Sometimes, the stock software from Samsung or HTC just might be optimized for battery life. It’ll have some features that you find a little superfluous that causes battery drain. If all else fails, flashing a new ROM onto your phone may be your best option. AOSP-built ROMs like Cyanogenmod provide an alternative to OEM-bloated stock ROMs. This can help with the battery life in many cases because there are less system applications and features that hog resources on a custom ROM like Cyanogenmod. There are even customized OEM ROMs that are optimized to reduce battery drain and bloat. Again, XDA is likely your best friend when trying this out.
Many of these ROMs also come with their own custom kernels. Together, they really can improve battery life well past what the phone is capable of on stock software. Mixing kernels with custom ROMs is also a great way to tweak your setup to get the best possible performance and battery life.
11. The worst case scenario: using spare and extended batteries.
Sometimes, your phone is just not going to perform as well as you’d like. Some phones just do not have great battery life, as was the case with the abysmal Verizon Galaxy Nexus, and no amount of lowered screen brightness or custom ROMs or tweaking is going to extend it by more than an hour or two. If you have a phone with a removable battery, consider buying an extended battery, or a spare battery or two if you don’t want the added bulk. As a CDMA GNex owner, I own three spare batteries that I swap out during the course of an 8-hour work day. It’s not the perfect solution, but it is a viable way of using your phone throughout an entire day. Of course, this only works if your phone supports a removable battery, and lately we’ve seen the trend of sealed in batteries in newer smartphones.

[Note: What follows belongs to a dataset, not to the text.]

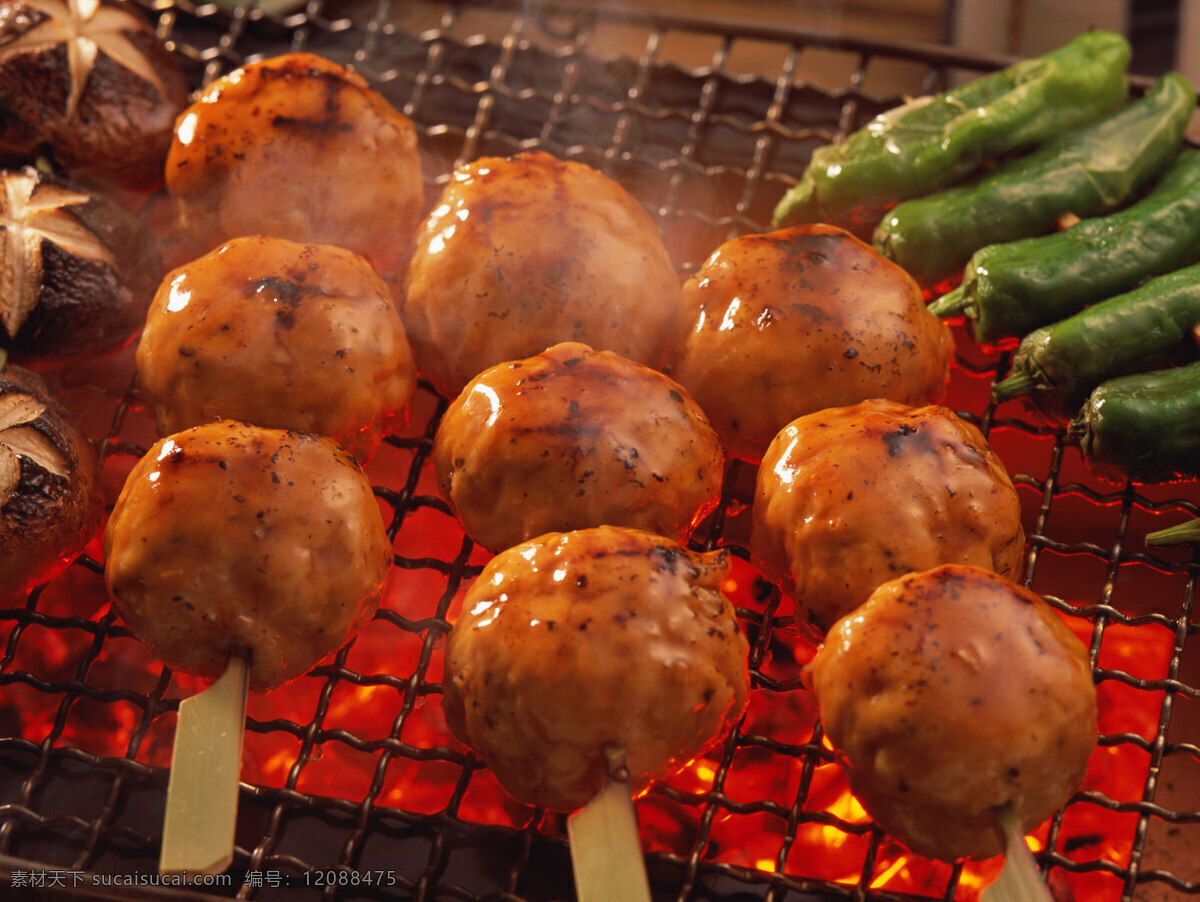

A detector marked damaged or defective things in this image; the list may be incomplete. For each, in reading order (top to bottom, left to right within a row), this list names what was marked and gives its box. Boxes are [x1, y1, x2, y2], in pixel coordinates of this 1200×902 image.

This is by no means an all inclusive list of battery tips. Searching the internet is going to pull up a ton of other tips for getting the most out of your battery, especially for rooted users, and some of these tips may work better for some phones than others. Hopefully, though, this list will give you enough to get started on tweaking your settings to get some longer battery life, and will help you be a little more mindful of how you’re using your battery and what applications and syncing are doing to it.